%%
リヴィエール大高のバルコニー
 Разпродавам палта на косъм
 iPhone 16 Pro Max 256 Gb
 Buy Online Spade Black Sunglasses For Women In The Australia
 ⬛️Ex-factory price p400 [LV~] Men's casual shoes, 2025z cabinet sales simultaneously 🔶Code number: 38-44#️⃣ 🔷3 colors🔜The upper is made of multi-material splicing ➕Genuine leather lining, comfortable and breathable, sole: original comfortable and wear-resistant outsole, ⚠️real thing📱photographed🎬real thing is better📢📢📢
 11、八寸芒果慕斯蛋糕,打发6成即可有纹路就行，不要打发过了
%%
### YOUR OBJECTIVE:
So that nothing is lost, write out each record exactly as it appears above.

### RESULT FOR THIS EXERCISE:
リヴィエール大高のバルコニー
 Разпродавам палта на косъм
 iPhone 16 Pro Max 256 Gb
 Buy Online Spade Black Sunglasses For Women In The Australia
 ⬛️Ex-factory price p400 [LV~] Men's casual shoes, 2025z cabinet sales simultaneously 🔶Code number: 38-44#️⃣ 🔷3 colors🔜The upper is made of multi-material splicing ➕Genuine leather lining, comfortable and breathable, sole: original comfortable and wear-resistant outsole, ⚠️real thing📱photographed🎬real thing is better📢📢📢
 11、八寸芒果慕斯蛋糕,打发6成即可有纹路就行，不要打发过了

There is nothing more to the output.